---- Input material

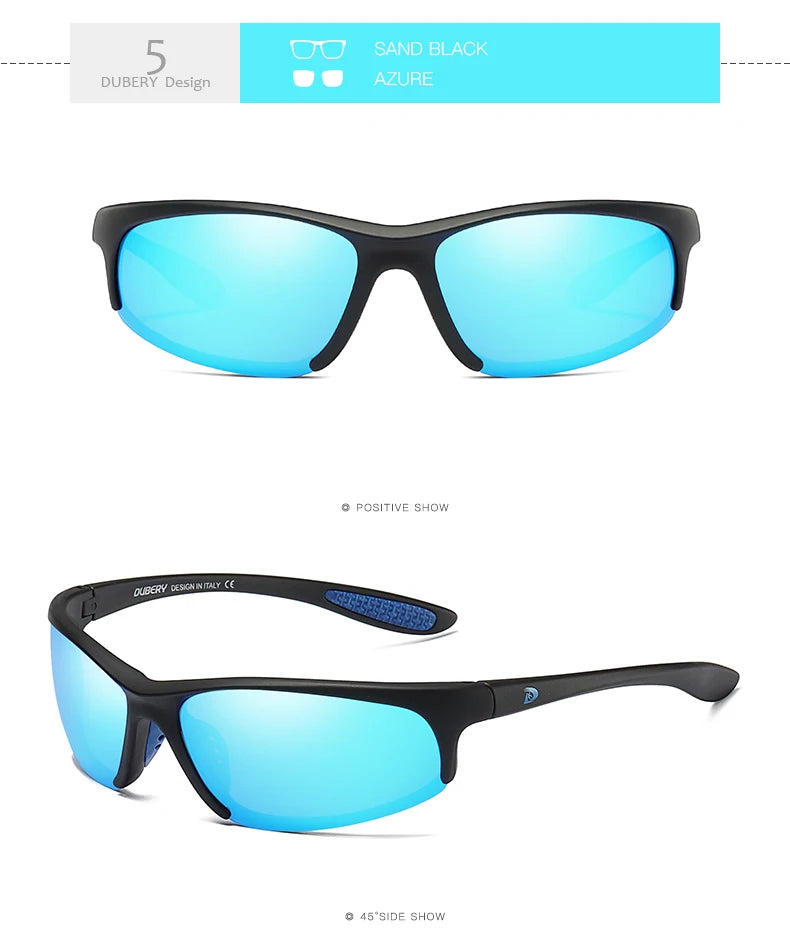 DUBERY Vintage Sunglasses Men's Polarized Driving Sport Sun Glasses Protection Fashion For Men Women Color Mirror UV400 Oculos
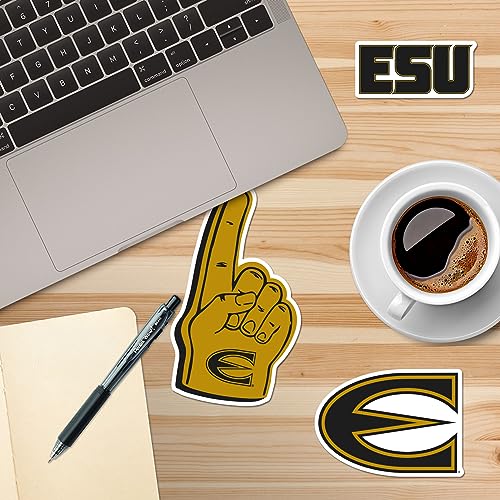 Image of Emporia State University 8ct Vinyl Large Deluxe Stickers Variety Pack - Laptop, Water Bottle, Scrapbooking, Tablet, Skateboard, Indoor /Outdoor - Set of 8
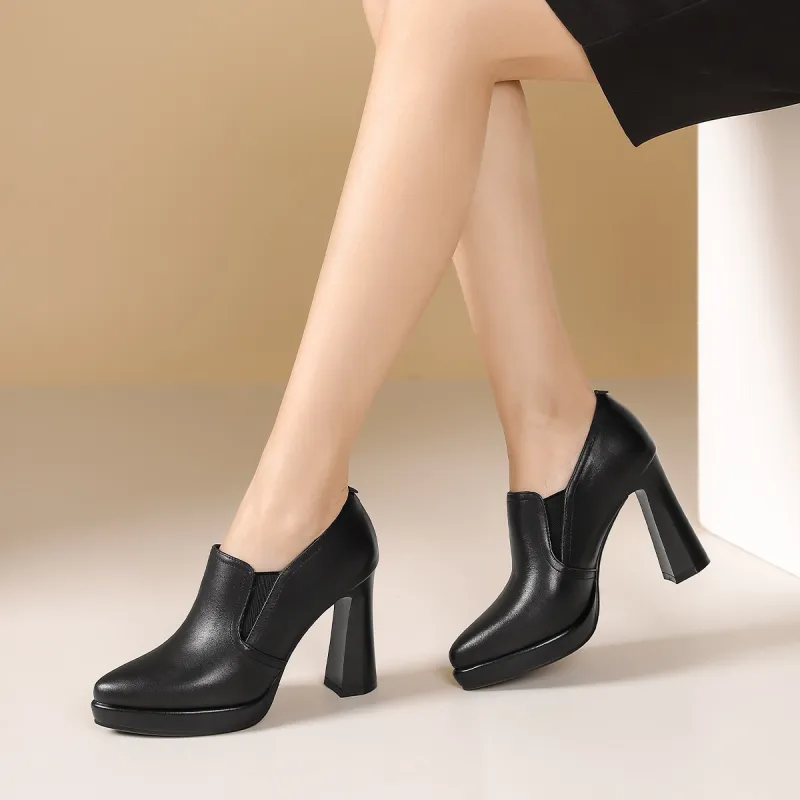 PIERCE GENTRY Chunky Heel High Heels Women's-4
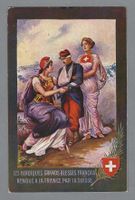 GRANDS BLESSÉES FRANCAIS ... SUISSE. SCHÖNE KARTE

--------
---- Input material

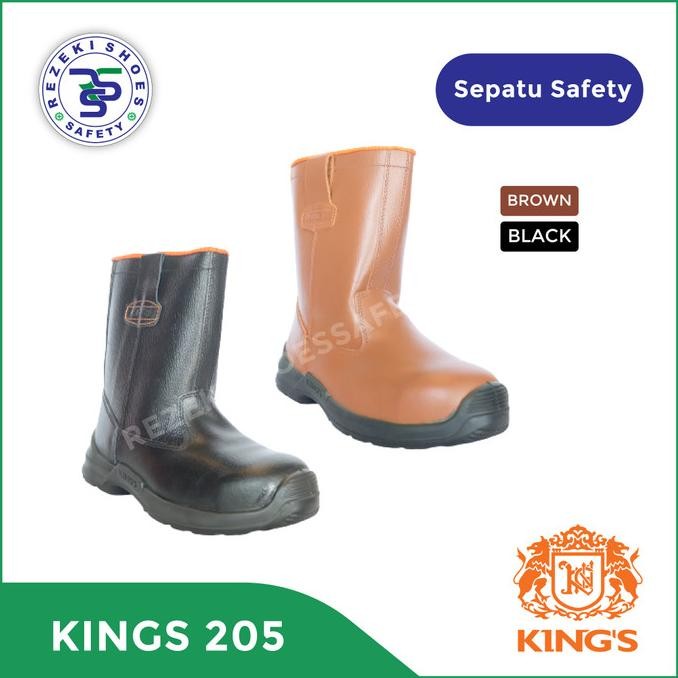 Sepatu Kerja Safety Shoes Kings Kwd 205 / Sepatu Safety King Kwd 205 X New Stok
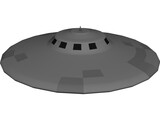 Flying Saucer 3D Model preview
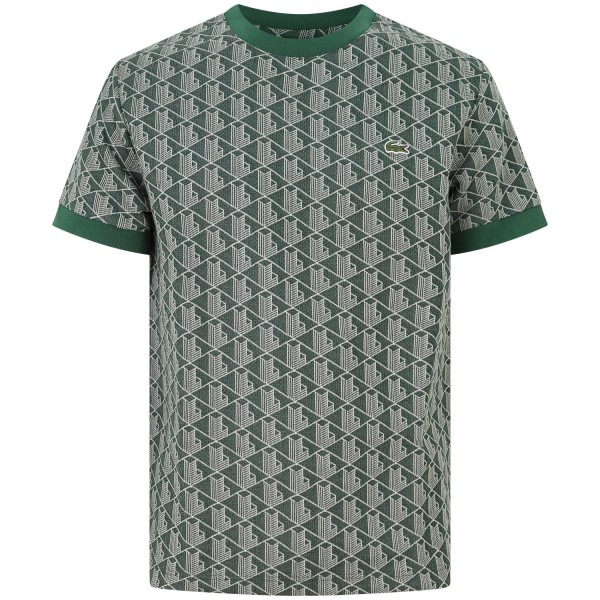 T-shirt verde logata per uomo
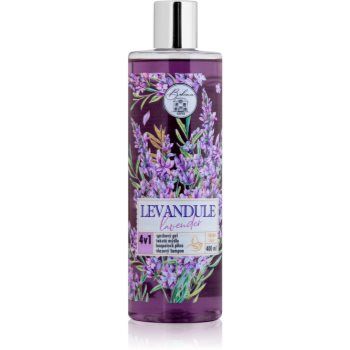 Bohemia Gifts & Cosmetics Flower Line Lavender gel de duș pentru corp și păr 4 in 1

--------
---- Input material

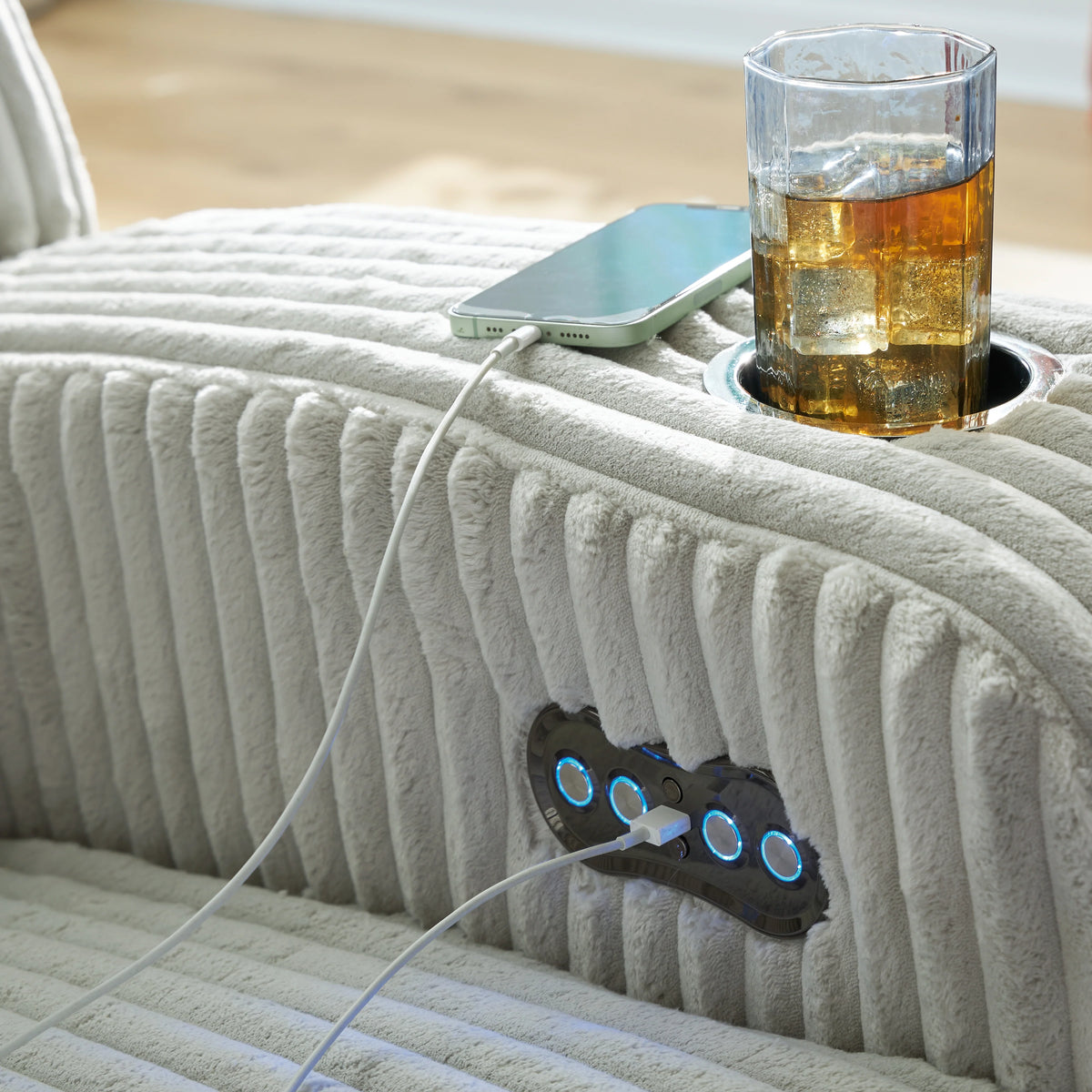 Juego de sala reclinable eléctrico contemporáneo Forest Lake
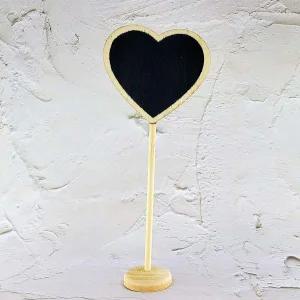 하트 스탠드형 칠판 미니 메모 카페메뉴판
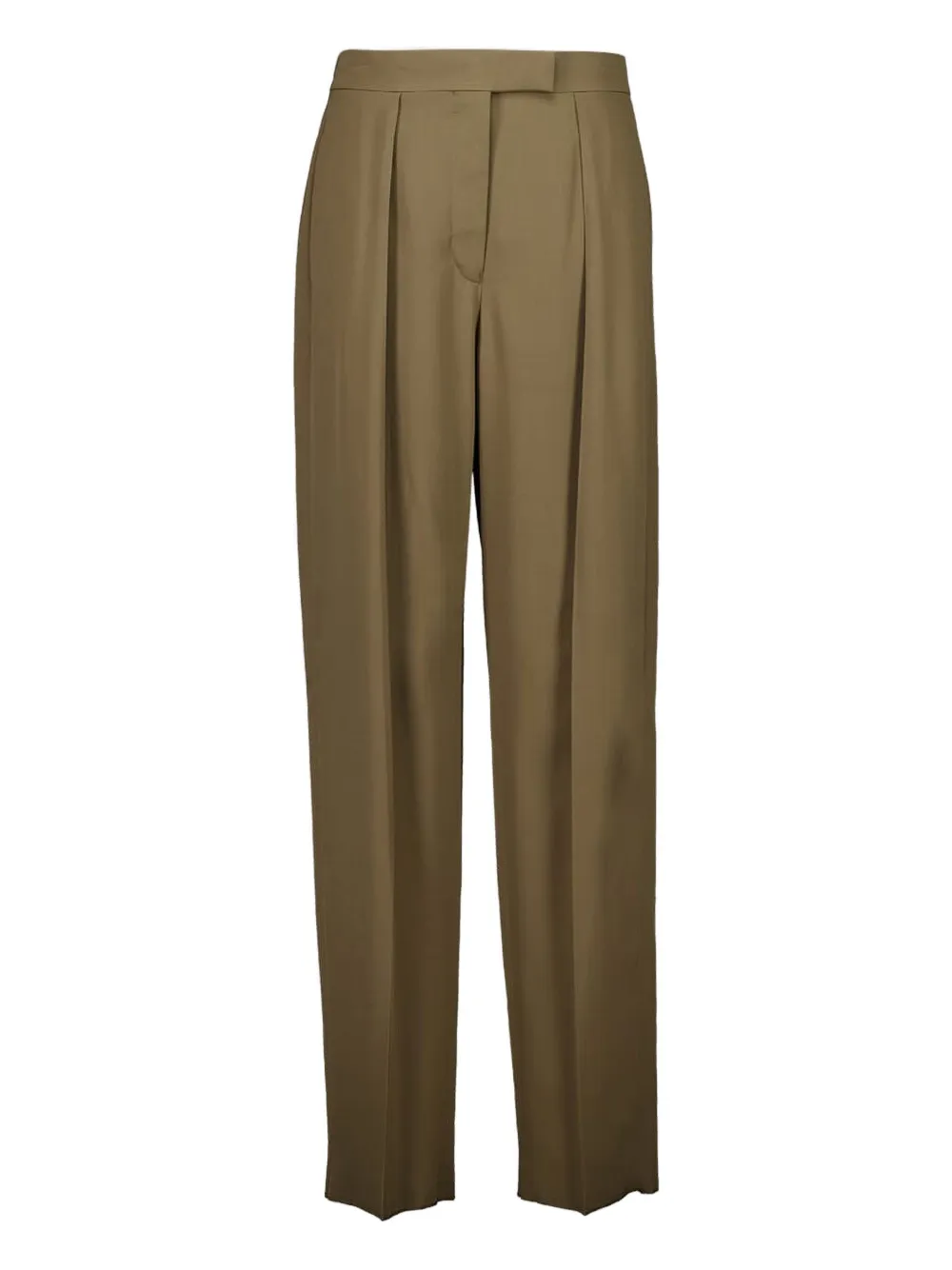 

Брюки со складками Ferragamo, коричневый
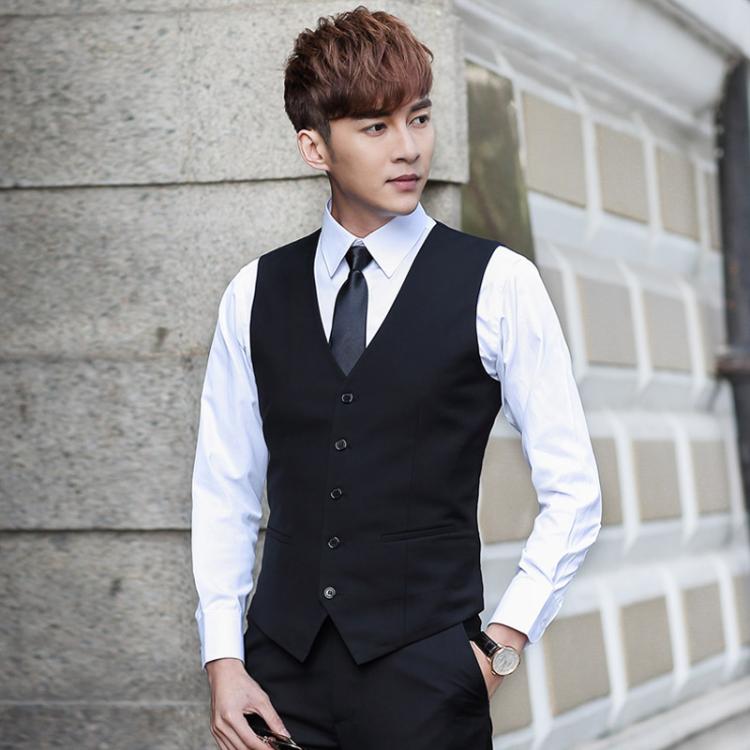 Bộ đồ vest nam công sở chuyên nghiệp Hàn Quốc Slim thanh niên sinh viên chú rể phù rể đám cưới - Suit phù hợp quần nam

--------

■ Problem
Only one stretch of the listing is wanted: the lines starting at the one with "DUBERY Vintage Sunglasses" and ending at the one with "GRANDS BLESSÉES FRANCAIS", copied exactly and free of pictures.

■ Solution below
 DUBERY Vintage Sunglasses Men's Polarized Driving Sport Sun Glasses Protection Fashion For Men Women Color Mirror UV400 Oculos
 Image of Emporia State University 8ct Vinyl Large Deluxe Stickers Variety Pack - Laptop, Water Bottle, Scrapbooking, Tablet, Skateboard, Indoor /Outdoor - Set of 8
 PIERCE GENTRY Chunky Heel High Heels Women's-4
 GRANDS BLESSÉES FRANCAIS ... SUISSE. SCHÖNE KARTE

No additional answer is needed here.